On average, how many rolls would it take to get two of the same face when rolling a die.

For example, acceptable sequences with two of the same face include 2344, 1234566, and 123453. [1]

Solution:

There are two ways you could approach this question, either using markov chains or permutations. Of these, we will focus on the latter, the easier of the two.

Let $X$ denote the number of rolls till we have found the same face twice. Our goal is to find $\mathbb{P}[X=x]$ for $x \in \{2, ..., 7\}$.

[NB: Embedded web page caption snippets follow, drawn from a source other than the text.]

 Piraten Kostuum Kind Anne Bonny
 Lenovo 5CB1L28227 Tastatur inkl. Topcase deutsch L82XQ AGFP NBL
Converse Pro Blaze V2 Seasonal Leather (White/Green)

At $X=2$, the rolls must form a sequence of $AA$, where $A \in \{1, ..., 6\}$. Given two rolls, there are 6 sequences of this pattern out of the $6^2$ possible sequences. Hence,

$$\mathbb{P}[X=2] = \frac{6}{6^2} = \frac{1}{6}.$$

For $X=3$, the valid sequences take the form of ABA or BAA. As a result,

$$\mathbb{P}[X=3] = 2\cdot\frac{6\cdot5}{6^3} = \frac{5}{18}.$$

For $X=4$, the valid sequences take the form of ABCA, BACA, or BCAA. So,

$$\mathbb{P}[X=4] = 3\cdot\frac{6\cdot5\cdot4}{6^4} = \frac{5}{18}.$$

Iterating this process over the last terms and following the formula for the expectation of a discrete random variable.

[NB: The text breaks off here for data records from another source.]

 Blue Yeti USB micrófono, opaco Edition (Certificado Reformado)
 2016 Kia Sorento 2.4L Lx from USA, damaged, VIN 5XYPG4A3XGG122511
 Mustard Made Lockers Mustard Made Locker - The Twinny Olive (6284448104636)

$$\mathbb{E}[X] = \sum_{x=2}^7x\mathbb{P}[X=x] = \frac{1223}{324}.$$

Question:

Suppose we were to roll a die 6k times. What is the probability that each face comes up an equal number of times (lets say k times). Find the asymptotic distribution for the probability in terms of k. [1]

Solution:

In $6k$ rolls, we want $k$ of them to appear with the face “1”. Consequently, there are

$$\binom{6k}{k}$$

ways this can occur. This can be thought of as given there are 6k positions and k of them are 1. How many different permutations are there.

Now given the $5k$ remaining spots, there are

$$\binom{5k}{k}$$

ways face “2” can appear. Continuing this process, leaves

$$\binom{6k}{k} \binom{5k}{k} \binom{4k}{k} \binom{3k}{k} \binom{2k}{k} \binom{k}{k}$$

rolls where there are an equal number of each face.

Since there are $6^{6k}$ total number of sequences. The final probability is:

$$\frac{\binom{6k}{k} \binom{5k}{k} \binom{4k}{k} \binom{3k}{k} \binom{2k}{k} \binom{k}{k}}{6^{6k}} = \frac{(6k)!}{(k!)^6 6^{6k}}$$

Question:

What is the expected number of rolls to obtain a 6 given that the 6 comes before the 5.

Solution:

First, we will find the probability that the first 6 comes before the first 5. Let $X$ denote the time of the first 6 given we have not found a 5 yet.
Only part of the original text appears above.